Don Carmine cruzó los dedos en una postura estudiada. «Manos de mujer», pensó Assunta con desprecio.

—No podías pretender que bastara con decir que estabas conmigo para ser exculpada —dijo—. Yo ya he dado el primer paso, pero es mi palabra contra la de Sereno Marani. En cuanto esté en mejores condiciones, el juez procederá a una confrontación. Mientras tanto me ha pedido que recogiera toda la información posible para respaldar mi declaración.

—Tú eres un cura, un pilar de la comunidad, mientras que él es un delincuente. Sin duda creerá en tu versión.

—No estés tan segura de eso —rebatió el cura—. La debilidad de mi testimonio está en que siempre soy yo el que te proporciona la coartada para ambas excusas.

Barone asintió.

—Entiendo.

—Y la cosa no termina ahí —continuó don Carmine—. El juez me ha hecho notar que, con toda su buena voluntad, no entiende por qué Marani te ha acusado con tanta determinación y detalles.

—¿Ha dicho eso?

—Palabras textuales.

—Es decir, Marani podría cuestionar la credibilidad de tu testimonio.

El cura asintió.

—Desde el punto de vista de la exactitud de las fechas, quizás sí.

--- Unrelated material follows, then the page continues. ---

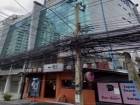 ให้เช่าพื้นที่ 200 ตร.ม. พร้อมลิฟท์ ทองหล่อ9 ตรงข้ามตลาดอาหารญี่ป
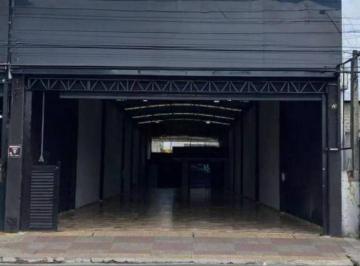 5f1a17b918ddab84d3522aa524aa7742bde94288 · Galpão, 400 m² - venda por R$ 2.555.000,00 ou aluguel por R$ 12.781,90/mês - Centro - Suzano/SP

Sereno Marani era un problema. Assunta se alejó pensando que quizás tenía que encontrar una manera para dar al magistrado elementos incontrastables que le convencieran para creer a don Botta.

Llamó a Egisto Ingegneri.

—Tenemos que vemos —dijo. Luego se dirigió a Jadranka—. Has vuelto a tener pensamientos impuros, ¿verdad?

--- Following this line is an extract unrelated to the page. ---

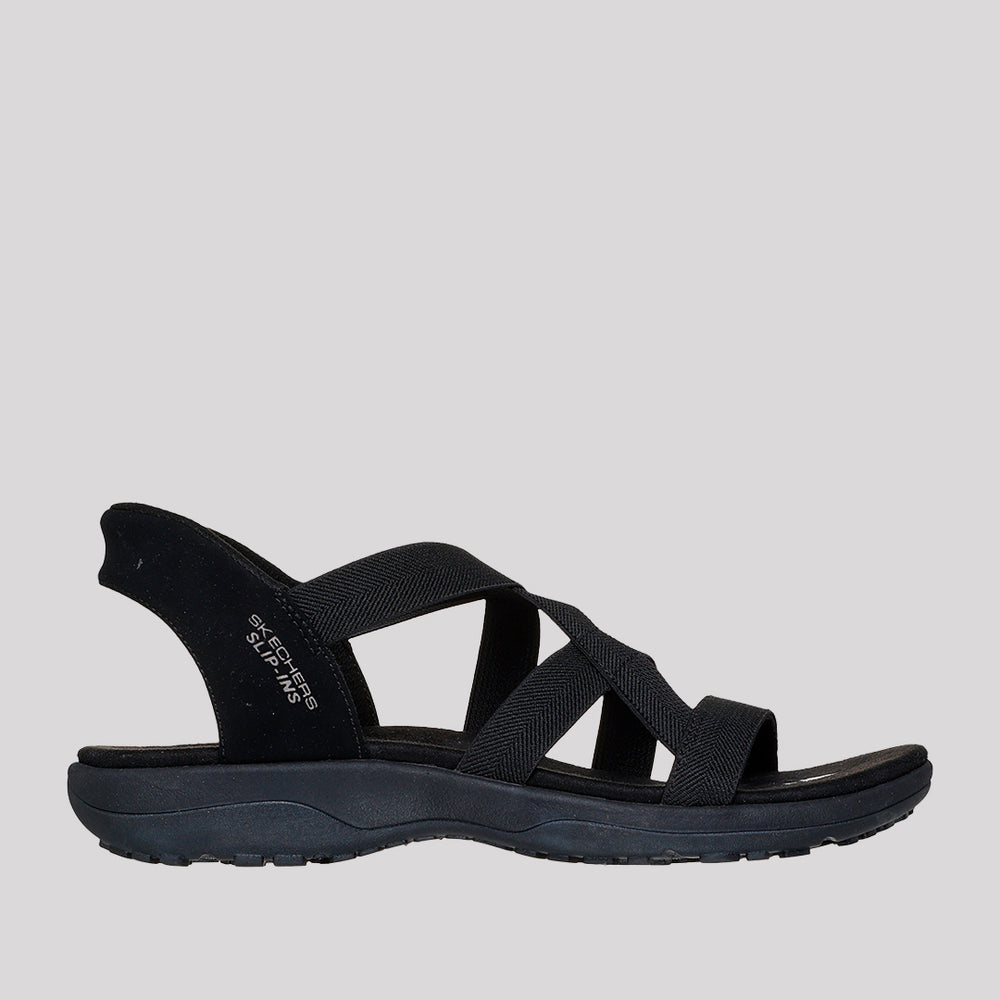 SLIP INS REGGAE SLIM - STRETCH FLEX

La croata tuvo un escalofrío.

—Siempre estoy atormentada por el demonio.

—Esta noche te ayudaré a echarlo.

—Sí, ama.

Esta vez fue Assunta quien sintió un escalofrío. Le gustaba que la llamaran «ama».

 

 

—No eres más que una puta de mierda. Puta. No eres más que una puta de mierda.

Luz no paraba de repetir esas palabras moviendo apenas los labios. Se las repetía a sí misma después de haber escuchado la sentencia de muerte pronunciada por Assunta. Las repetía desde que había salido de casa, en el único momento en el que Ksenia la había dejado sola para ir a vestirse. Había seguido repitiéndolas al subirse y bajarse del autobús y no había parado mientras había estado andando durante horas sin rumbo y sin prestarle atención al cansancio, a pesar de que las piernas se le habían vuelto de madera. Un viento en contra, frío y punzante, le alborotaba el pelo y le ceñía al cuerpo su vestidito inadecuado. Parecía que quisiera arrancárselo. Había dejado a sus espaldas la ciudad y ahora andaba hacia los coches que iban como balas por la vía Salaria, golpeándola con violentos latigazos de aire helado.

De golpe su andadura de autómata se bloqueó, como si una mano invisible le hubiese quitado la corriente.

No pasó ni un minuto cuando un BMW se acercó. El hombre que conducía bajó la ventanilla del lado del acompañante y le preguntó:

—¿Cuánto quieres?

Luz no contestó, quizás ni lo vio, y el tío, molesto, se alejó.